▶ What this task involves: Quote from the first line below through the line that contains "Nuotrauka0489.jpg", both included, and leave the pictures out.

▶ Dataset entries:
┌────────
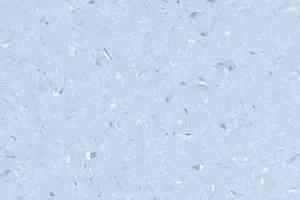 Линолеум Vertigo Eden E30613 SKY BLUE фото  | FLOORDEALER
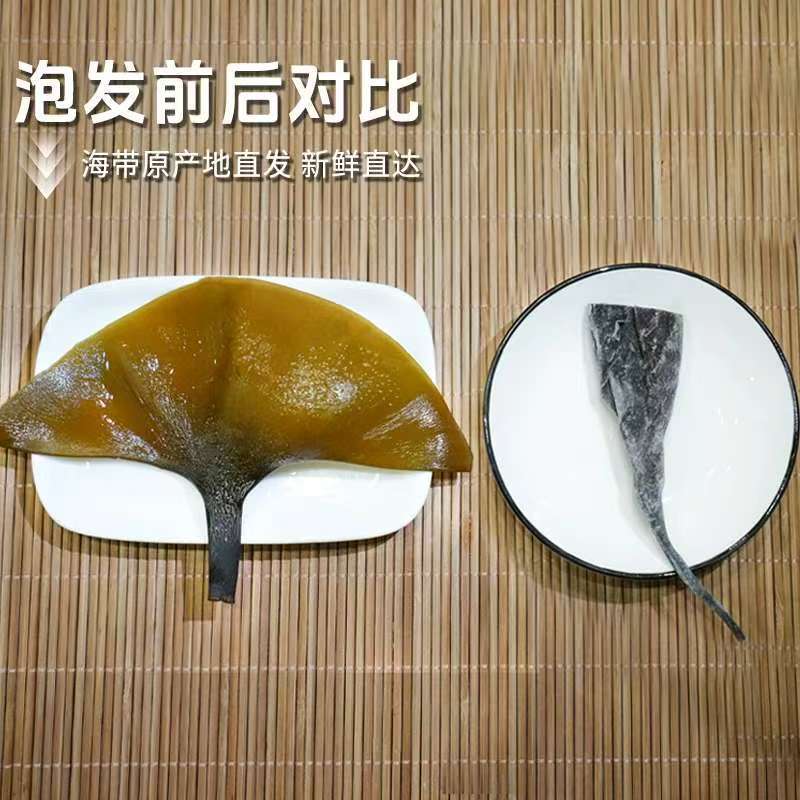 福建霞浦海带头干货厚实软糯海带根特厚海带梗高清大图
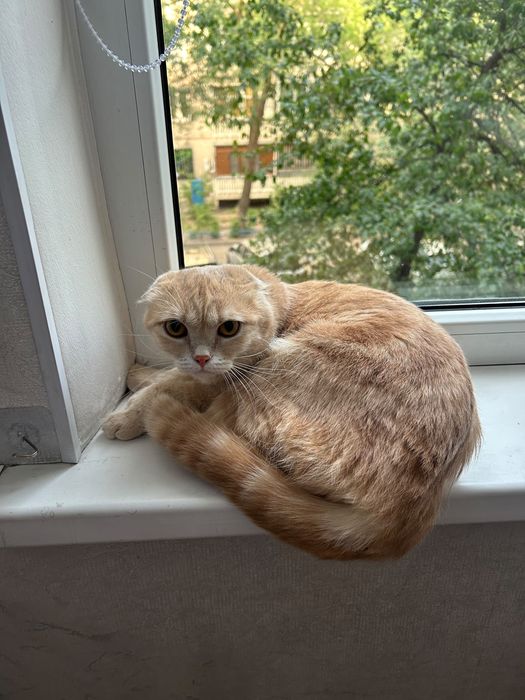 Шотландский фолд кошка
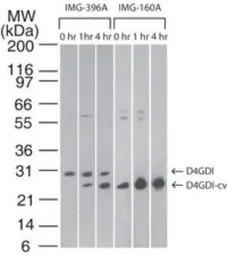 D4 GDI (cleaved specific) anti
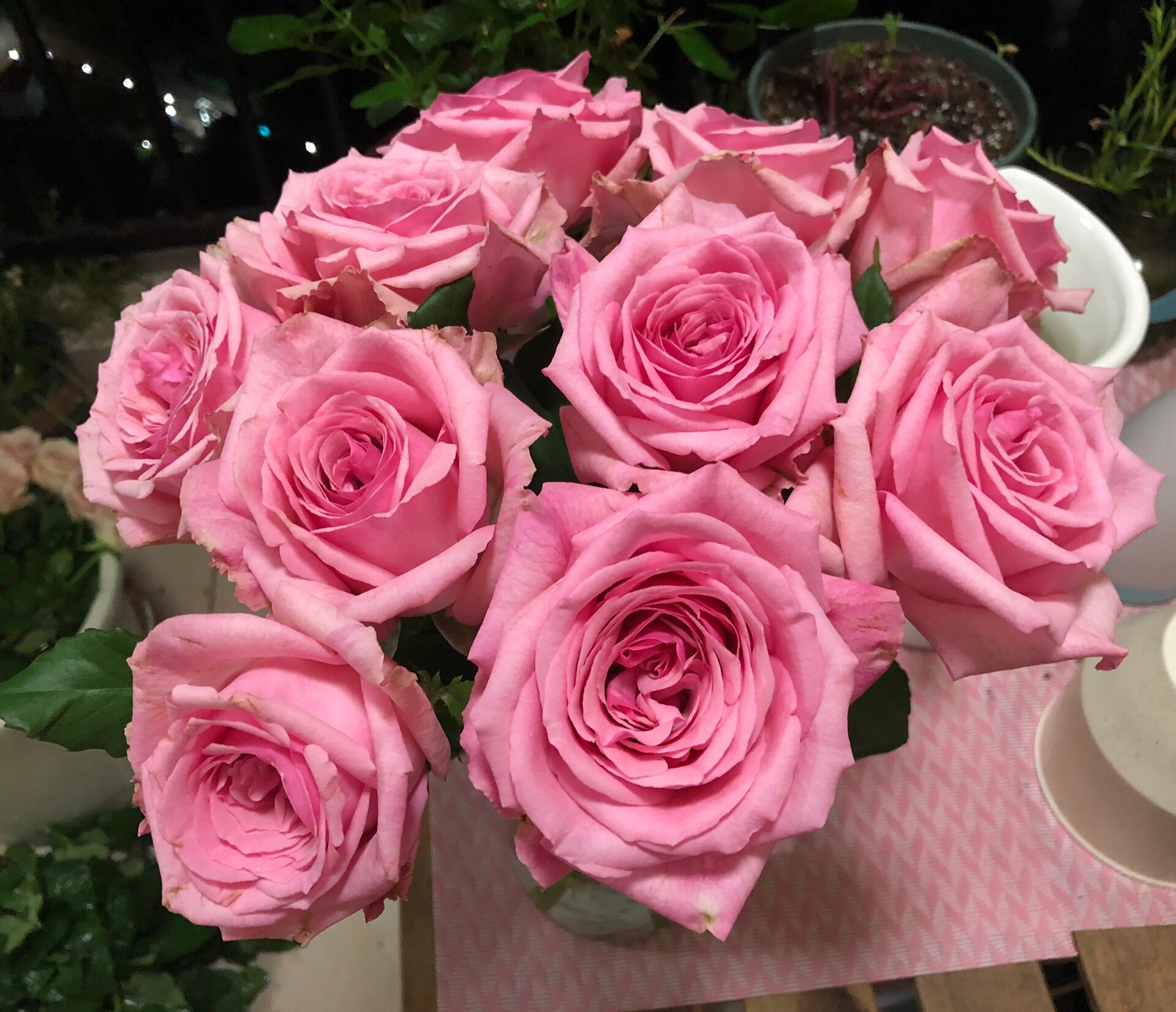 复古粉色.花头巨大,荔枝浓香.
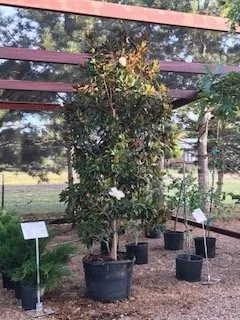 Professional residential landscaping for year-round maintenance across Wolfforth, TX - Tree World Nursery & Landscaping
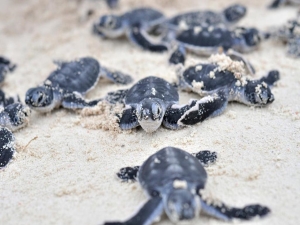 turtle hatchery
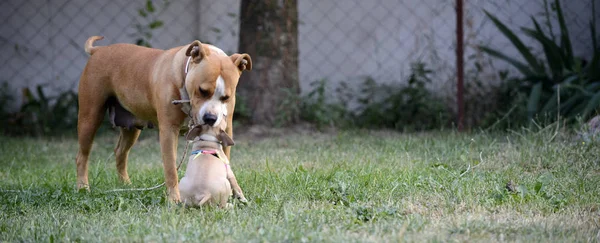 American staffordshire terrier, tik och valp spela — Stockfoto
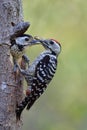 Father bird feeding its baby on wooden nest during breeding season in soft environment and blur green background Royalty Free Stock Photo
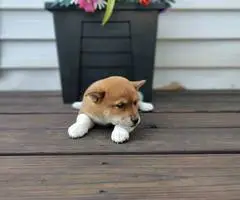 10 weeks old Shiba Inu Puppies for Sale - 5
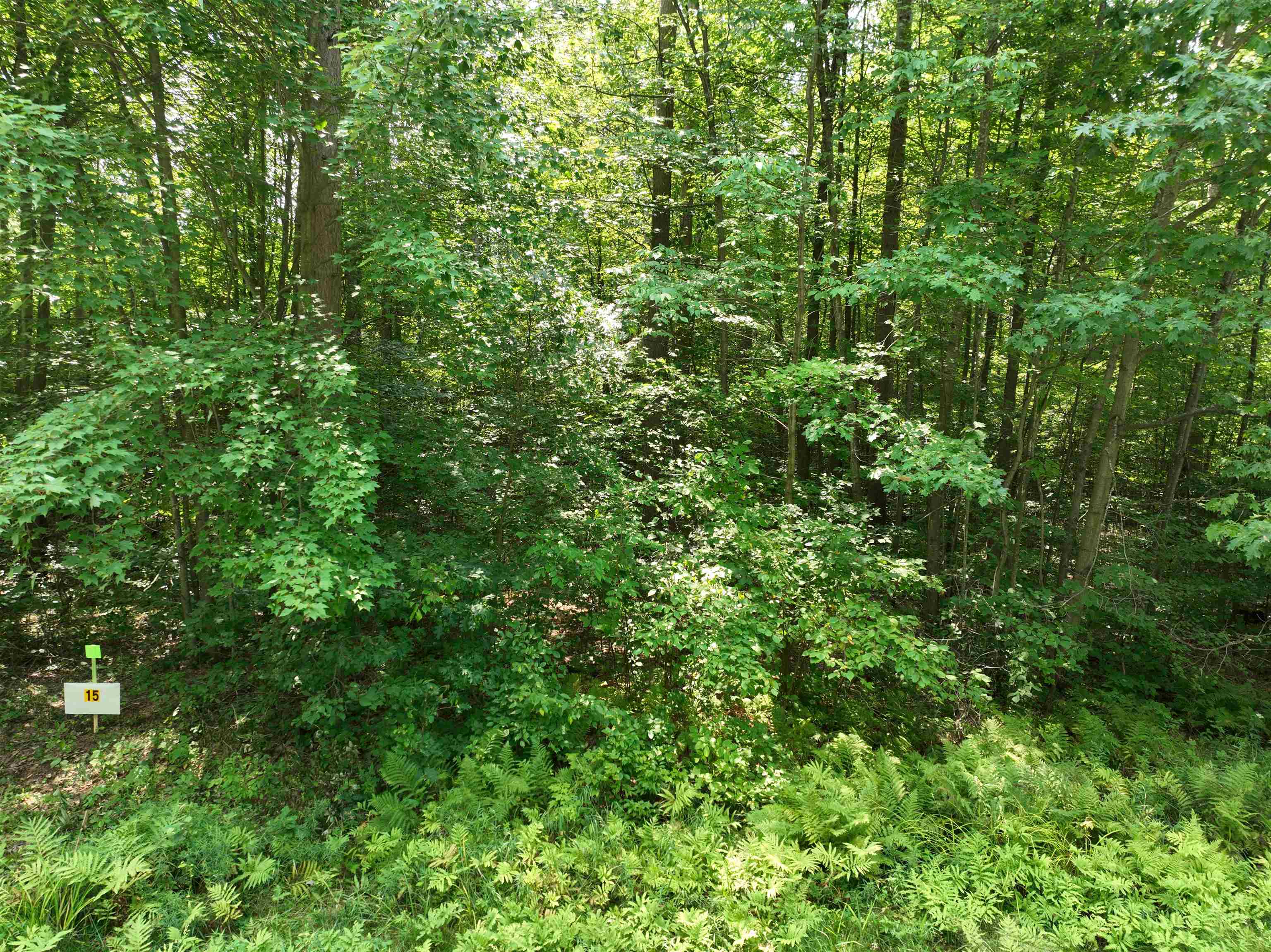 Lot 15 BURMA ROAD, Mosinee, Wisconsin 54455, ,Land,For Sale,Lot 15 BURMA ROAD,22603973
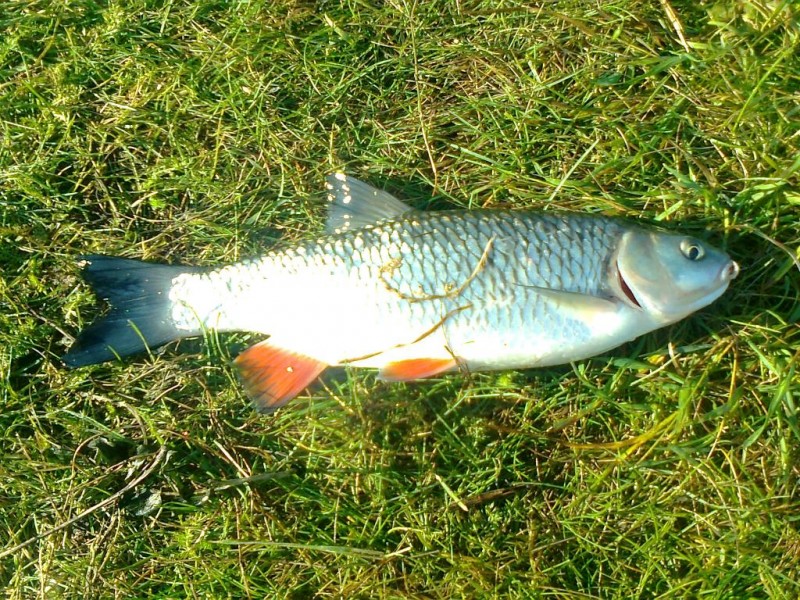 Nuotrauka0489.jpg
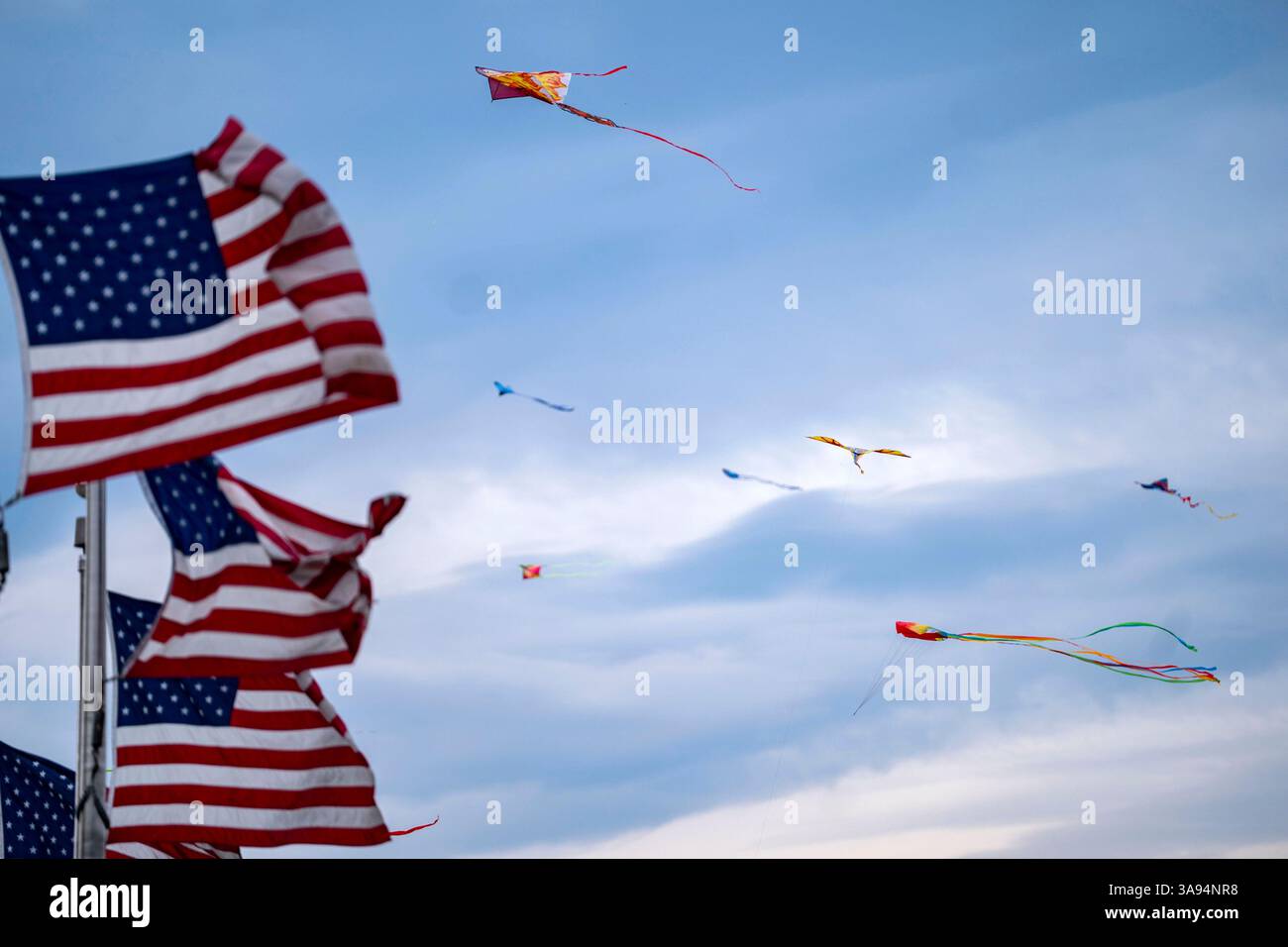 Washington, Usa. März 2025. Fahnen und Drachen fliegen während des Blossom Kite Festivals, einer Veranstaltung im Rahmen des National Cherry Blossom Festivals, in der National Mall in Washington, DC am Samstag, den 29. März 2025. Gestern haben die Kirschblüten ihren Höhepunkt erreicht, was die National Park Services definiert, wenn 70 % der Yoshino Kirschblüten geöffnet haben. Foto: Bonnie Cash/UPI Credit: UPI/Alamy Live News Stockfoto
└────────
▶ Exercise output:
 Линолеум Vertigo Eden E30613 SKY BLUE фото  | FLOORDEALER
 福建霞浦海带头干货厚实软糯海带根特厚海带梗高清大图
 Шотландский фолд кошка
 D4 GDI (cleaved specific) anti
 复古粉色.花头巨大,荔枝浓香.
 Professional residential landscaping for year-round maintenance across Wolfforth, TX - Tree World Nursery & Landscaping
 turtle hatchery
 American staffordshire terrier, tik och valp spela — Stockfoto
 Father bird feeding its baby on wooden nest during breeding season in soft environment and blur green background Royalty Free Stock Photo
 10 weeks old Shiba Inu Puppies for Sale - 5
 Lot 15 BURMA ROAD, Mosinee, Wisconsin 54455, ,Land,For Sale,Lot 15 BURMA ROAD,22603973
 Nuotrauka0489.jpg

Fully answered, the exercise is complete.